Because...
Re: Glass colorants -- beadiste Post Reply Edit Forum Where am I?
Posted by: beadiste Post Reply
10/15/2015, 09:32:51

I got re-interested again in glass color production techniques because of a nifty cloisonne plate for which a correspondent sent me some pictures. The pink background enamel seems very uncommon, which of course it might be if the glass batch required not only gold, but gold turned into a colloidal state by rather tricky chemical processes. The color seemed to offer a dating clue for the plate.

The use of selenium, erbium, neodymium is also a bit of a puzzle. Presumably this began in the late 1800s?

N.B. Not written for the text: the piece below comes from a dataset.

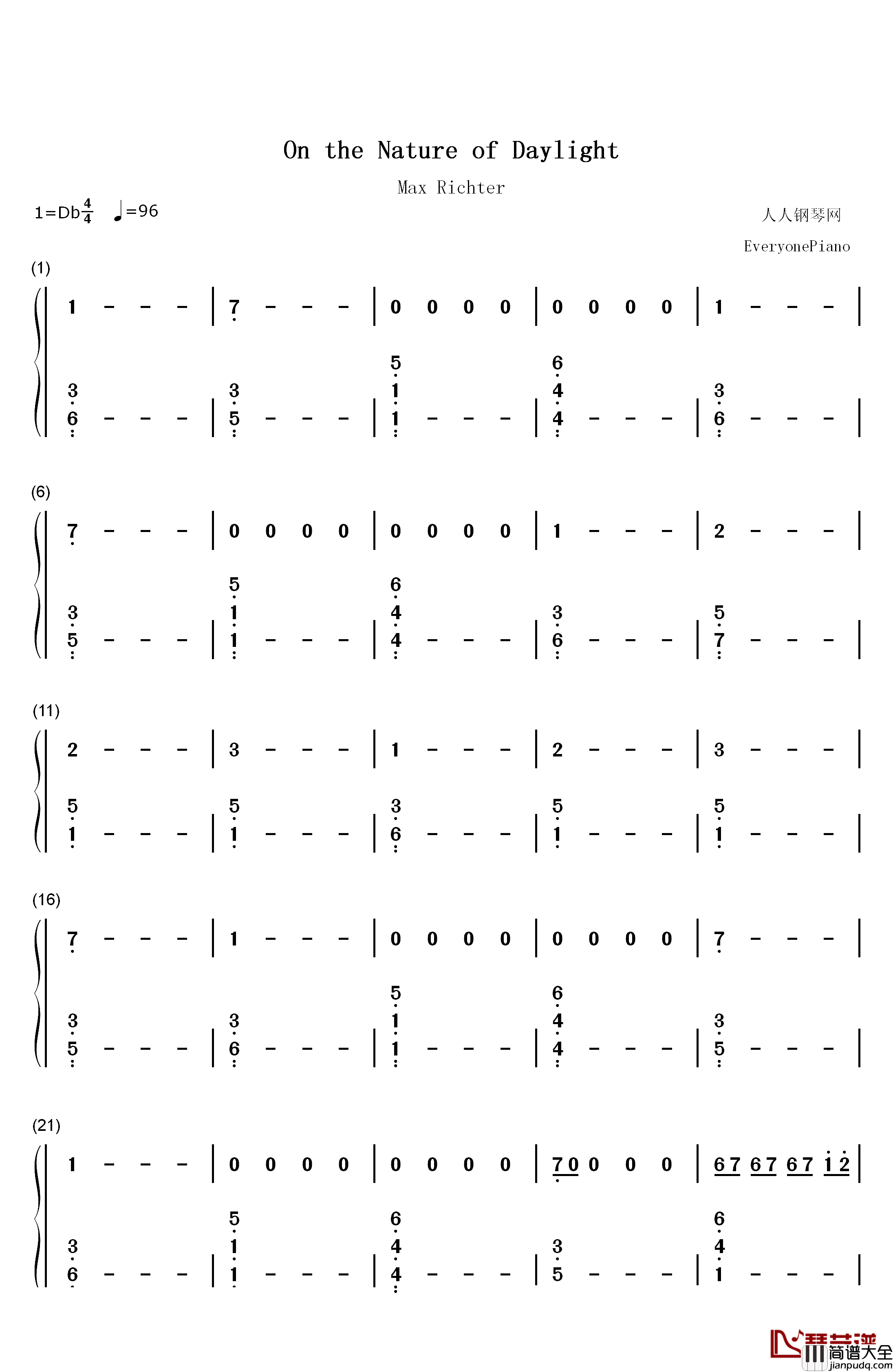 On_the_Nature_of_Daylight钢琴简谱_数字双手_Max_Richter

A Czech glass importer once informed me that selenium-colored rose glass is tricky because it's extremely temperature-sensitive; a bit too much heat and it takes on a topaz tint, rendering it a more peachy or salmon color rather than a pure rose pink.

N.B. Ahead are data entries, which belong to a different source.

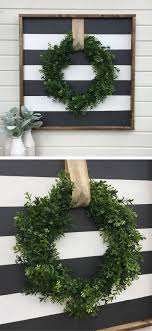 Black And White Farmhouse Wall Decor Boxwood Wreath Framed Wood Sign Faux Boxwreath Black White Striped Rustic Decor Farmhouse Farmhouse Chic Decor Farmhouse Wall Decor Shabby Chic Decor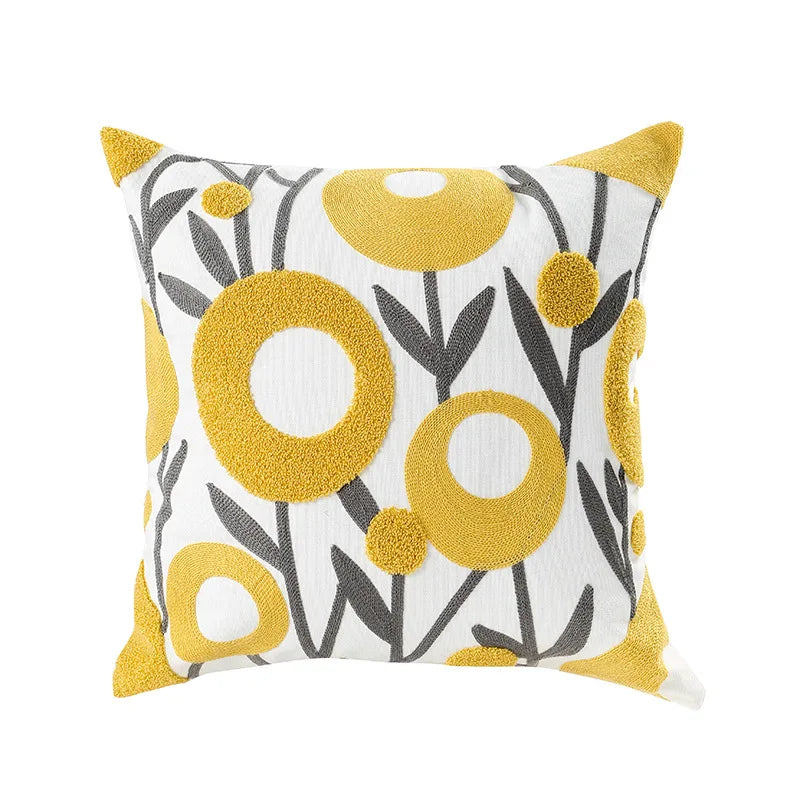 Home Decor Floral Cushion Cover Embroidered Flower Linen Simple Sofa Headboard Pillow Case Office Cushion Cover Cogines 45x45cm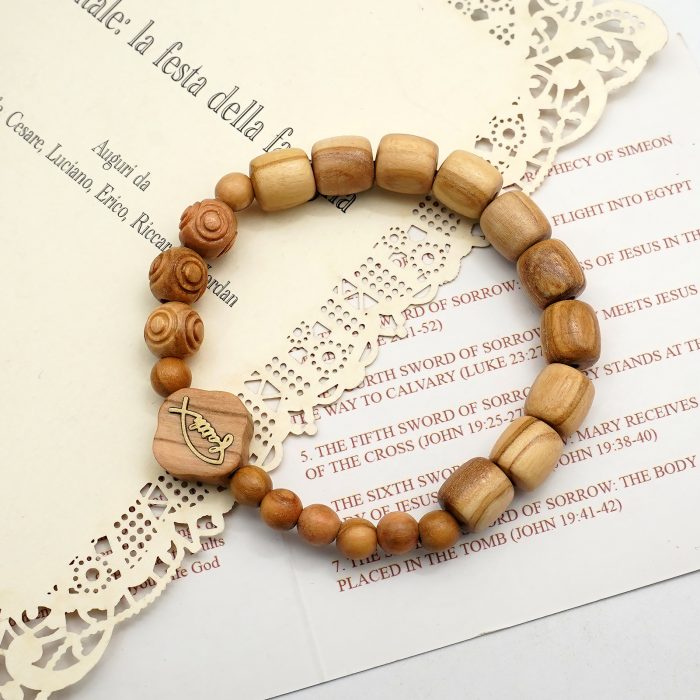 弹力手链-Faith鱼-橄榄木桶珠配花纹珠-单圈长16cm Catholic religious art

I know that when the Czechs started making transparent pink seed beads again after the factory reorganizations following liberation from the Soviet sphere, the first batches were a nice deep pink, but then subsequent batches were a lighter, more peach hue. Oddly, the peach-tinted glass is beautiful for its close resemblance to the rare padparadscha sapphire, and looks wonderful with turquoise.

Selenium rose glass can be separated from gold rose if the piece is translucent enough for examination with a pocket spectroscope - the selenium presents a two-color spectrum of a giant wash of scarlet against a black remainder of the spectrum. The red completely floods out all the other colors - definitely a retina-fryer!